Dyck grew up in Winkler, Man. After completing her diploma and bachelor’s degree in nursing in Winnipeg, she moved on to obtain her master’s in administration (with a concentration in health services) from Central Michigan University and her doctorate in higher education leadership from the University of Calgary.

From 1998 to 2005, she was director of the Winnipeg Regional Health Authority’s personal care home program, overseeing the delivery of quality care at 39 facilities.

Prior to returning to the U of M, Dyck spent almost 13 years as dean of the School of Nursing and School of Health Sciences at Saskatchewan Polytechnic in Saskatoon, overseeing 34 programs, 385 faculty and staff, more than 4,000 students and a $30-million budget.

That experience, she says, fully prepared her to take on her current role, which began in February.

Dyck says she is engaging her entire team of faculty and staff, along with students and community partners, in the development of a strong vision for the college. It will include incorporating best practices and leading-edge technologies in the delivery of student-centred education.

Her priorities also include enhancing simulation learning, advancing inter-professional education and collaborative practice, Indigenizing the curriculum, and offering international student and faculty exchanges.

“We will also support faculty and student engagement in research, and continue to build on the exceptional work done by our Manitoba Centre for Nursing and Health Research,” says Dyck. “We want to expand our interdisciplinary and international collaborative research.

“We’re very excited that one of our professors, Dr. Roberta Woodgate, has been awarded a Canada Research Chair in child and family engagement in health research and healthcare. Through research, we’ll continue to contribute significantly to knowledge generation and knowledge transfer.”

During Dyck’s deanship at the Saskatchewan Polytechnic School of Nursing, the school celebrated its 50th anniversary. It just so happens that the U of M’s College of Nursing will mark its 75th anniversary this fall, and Dyck is helping to guide the celebrations.

“At Saskatchewan Polytechnic we had 10 grads from the original class there to celebrate with us from across Canada and the U.S.,” she says. “It was so special to meet with those grads and hear about the invaluable contributions they made to the profession.

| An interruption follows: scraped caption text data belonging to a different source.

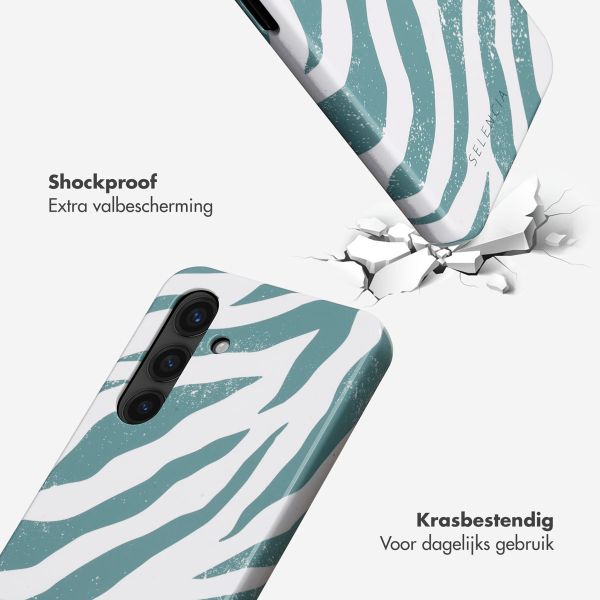 Selencia Vivid Tough Backcover Samsung Galaxy S24 Plus - Colorful Zebra Pine Blue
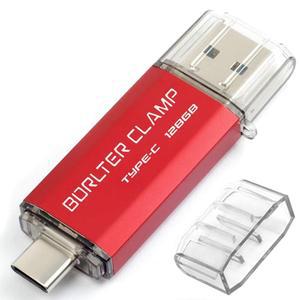 128GB USB 타입-C 플래시 드라이브 3.0 듀얼 드라이브, BollterClamp C 메모리 스틱 OTG 썸 드라이브(안드로이드 스마트폰용) 삼성 갤럭시 S10/S9/S8/노트 9, LG, 구글 픽셀, PC(빨간색)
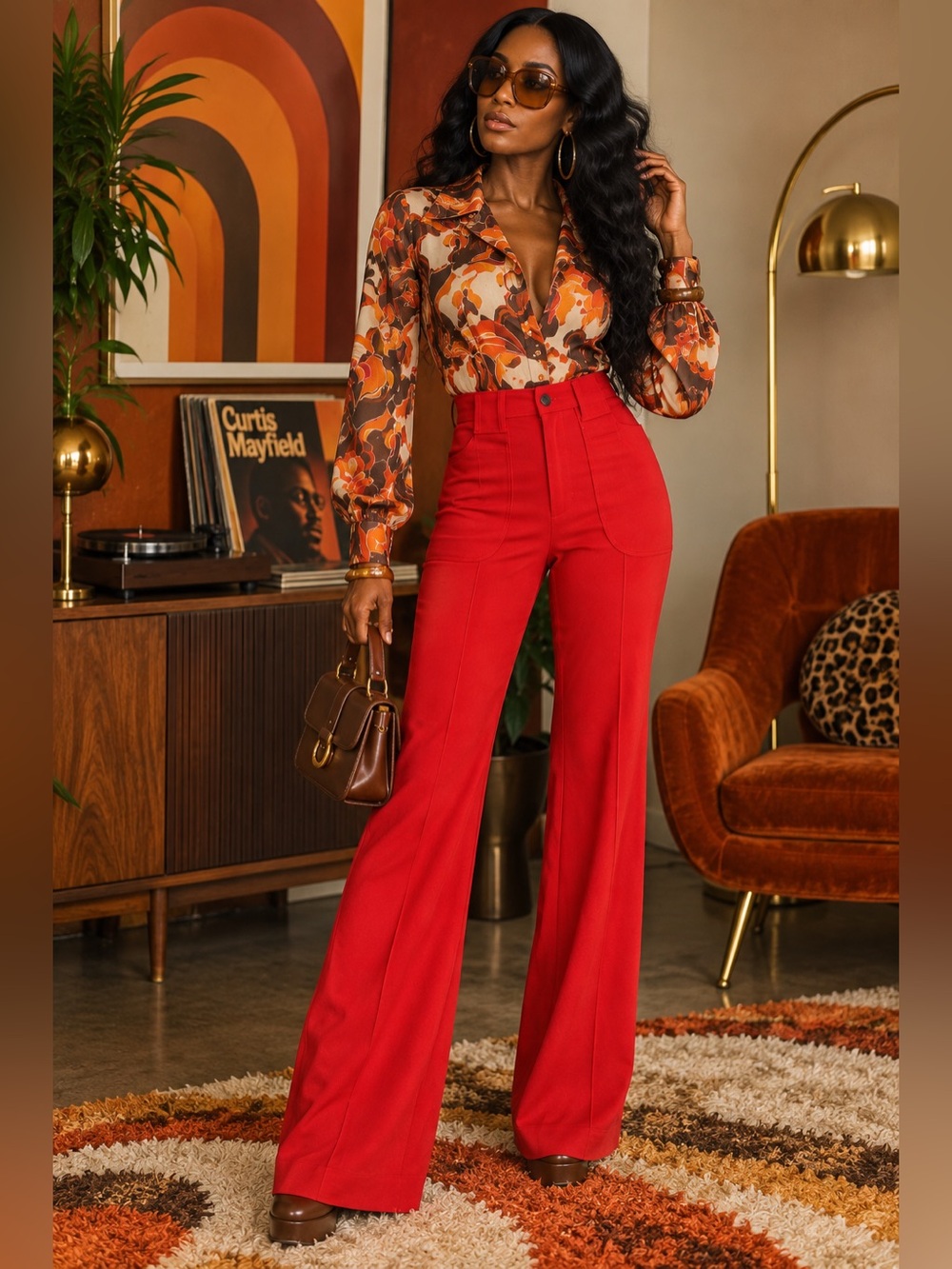Vintage 70s Zayre High-Waist Wide-Leg Red Bell Cufferes Trousers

“Now we’re in the unique position here at the U of M to celebrate the 75th, and I’m really looking forward to honouring the accomplishments and contributions of our alumni.”

After just a few months back in Winnipeg, Dyck says she is well settled in at home and work.

Of course, having spent more than a decade in the rival province to the west means Dyck and her husband have endured their fair share of good-natured ribbing since returning.

“When you move to Saskatchewan, you have no option but to become Rider fans,” she laughs. “I think as long as we become Bomber and Jets fans once again, we’ll be OK.”